Ik ben Sanu Nani Magar en ben 48 jaar oud. Ik woon met mijn man en 5 kinderen in Dhading Besi in Nepal. Ik had 6 kinderen. 5 van hen leven nog: 4 meisjes en 1 jongen.
Toen de kinderen kleiner waren moesten we kleren en eten voor hen kunnen kopen. We hadden schulden en niet genoeg geld om rond te komen. We hebben op verschillende plaatsen naar werk gezocht, en zijn uiteindelijk hier op de vuilstortplaats beland. We verdienen net genoeg om te overleven. De kinderen zijn inmiddels volwassen, en we wonen allemaal onder één dak. Ons huis staat iets verderop. Het is vuil, opgetrokken uit golfplaten, en er is geen stromend water. Dat moeten we bij de pomp halen.
Het werken op de vuilstortplaats is hard. Er ligt glas, het is vies en soms vinden we naalden. Ik ben bang voor de bulldozers en het onafgebroken machinelawaai. Het zijn geen makkelijke werkomstandigheden. We moeten erg voorzichtig zijn en goed opletten.
Zolang er vrachtwagens hun lading komen lossen, is er werk. Als ze niet komen, is er geen werk. Zoals op zaterdag, als er weinig vrachtwagens komen. Ik werk gemiddeld 22 dagen per maand en verdien 400 tot 500 roepie.
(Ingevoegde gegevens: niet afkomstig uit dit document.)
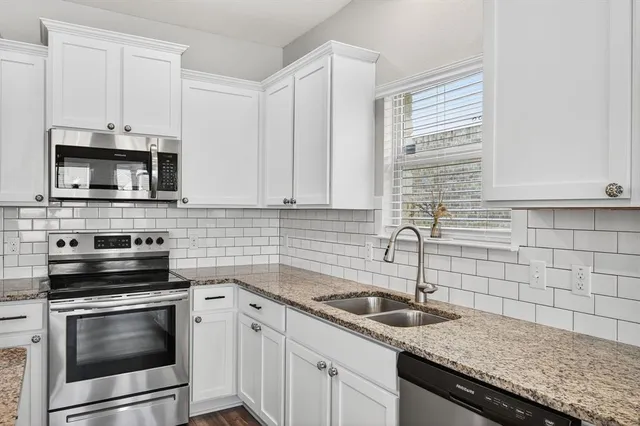 $435,000 | 3212 Keathley Drive, Lorena, TX 76655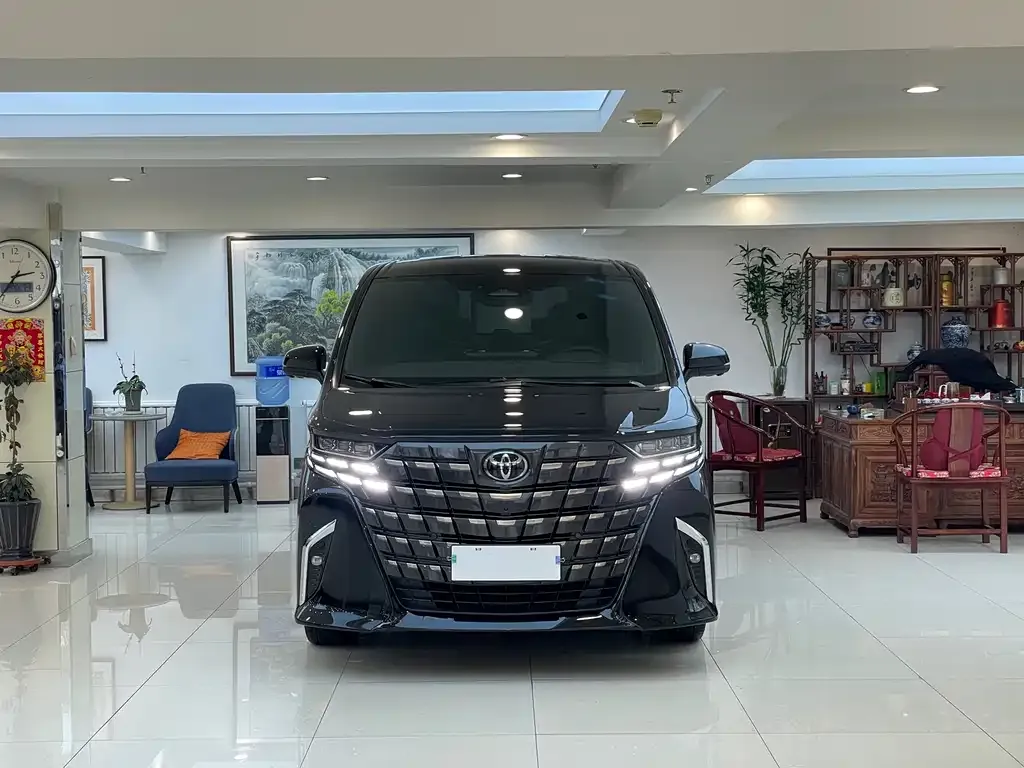 Toyota Alphard — фото 7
Ik zou graag ander werk doen en stromend water hebben. Ik wou dat ik weer gewassen kon verbouwen zoals vroeger, maar we verdienden toen niet genoeg om te overleven. Ik heb ideeën en toekomstdromen, maar kan die niet waarmaken. Ik wil bijvoorbeeld graag een winkeltje openen. Als het kon, zou ik iets anders doen, maar ik heb niet genoeg geld. Dat is het probleem.
Dromen
Er zijn vrouwenverenigingen waar we over projecten kunnen praten. Maar het is al moeilijk genoeg om voor jezelf en je gezin te zorgen. Er zijn altijd wel problemen. Soms gaan de mannen iets drinken. Als ze te veel op hebben, worden ze gewelddadig. We ondergaan het, werken hard en weten de eindjes maar net aan elkaar te knopen. Het zou fantastisch zijn om iets op touw te kunnen zetten met de anderen, maar ik heb amper genoeg geld om rond te komen. Ik zie niet in wat ik voor anderen kan betekenen. Als je niets hebt, hebben de mensen geen respect voor je. Ze willen niet eens naar je luisteren.